(Record set Opens)
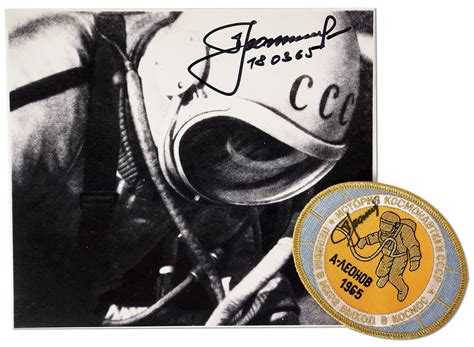 Lot Detail - Alexei Leonov Signed Photo and Mission Patch From Voskhod ...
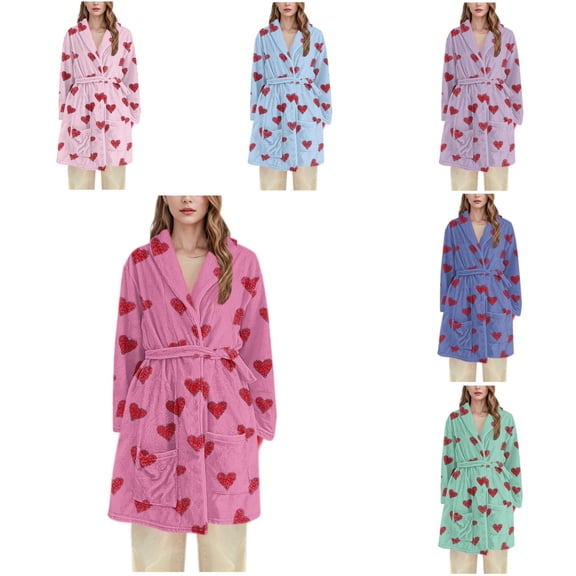 SROBPTY Womens Sleepwear, Robes for Women, Women's Printed Flannel Long Sleeve Long Robe Home Sleepwear Green,XL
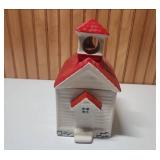 Red and White Ceramic Schoolhouse Cookie Jar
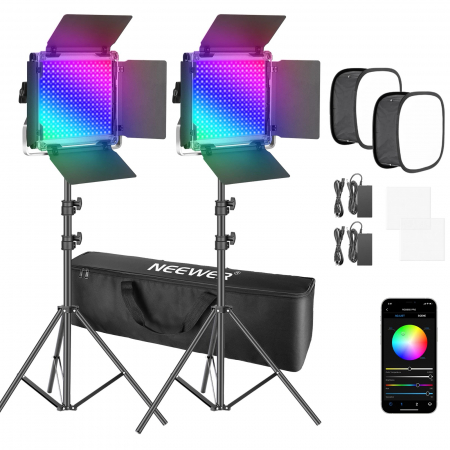 Panouri Led - Kit 2 Panouri Neewer RGB 530 LED,trepiezi 200 cm inclusi,2x difuzor softbox pentru lumina + geanta transport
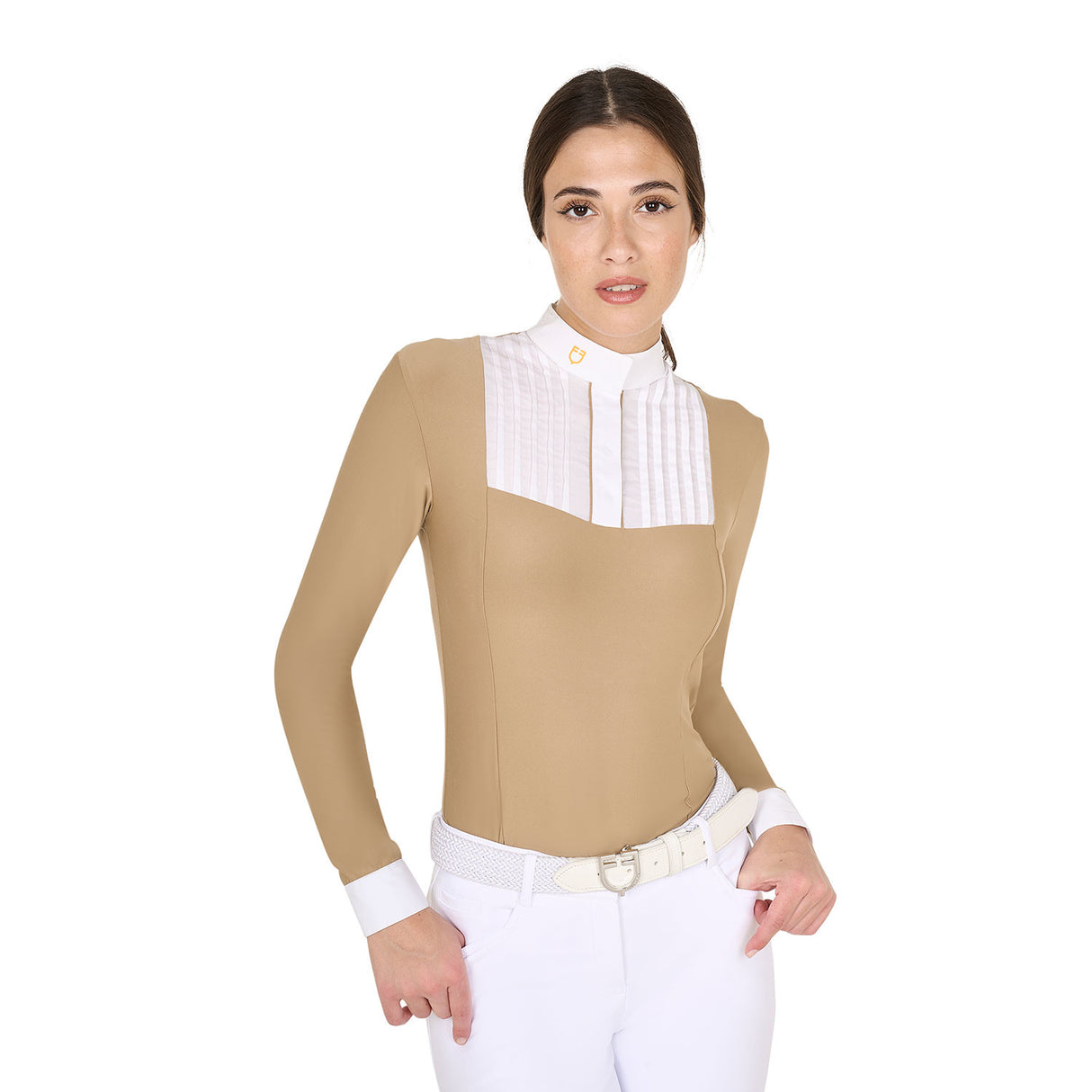 Women's slim fit polo shirt with pleated cotton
(Record set Closes)
Return verbatim every line from the line containing "SROBPTY Womens Sleepwear, Robes" to the last line of the entries above, inclusive, and leave out the pictures.

**Answer space**:
 SROBPTY Womens Sleepwear, Robes for Women, Women's Printed Flannel Long Sleeve Long Robe Home Sleepwear Green,XL
 Red and White Ceramic Schoolhouse Cookie Jar
 Panouri Led - Kit 2 Panouri Neewer RGB 530 LED,trepiezi 200 cm inclusi,2x difuzor softbox pentru lumina + geanta transport
 Women's slim fit polo shirt with pleated cotton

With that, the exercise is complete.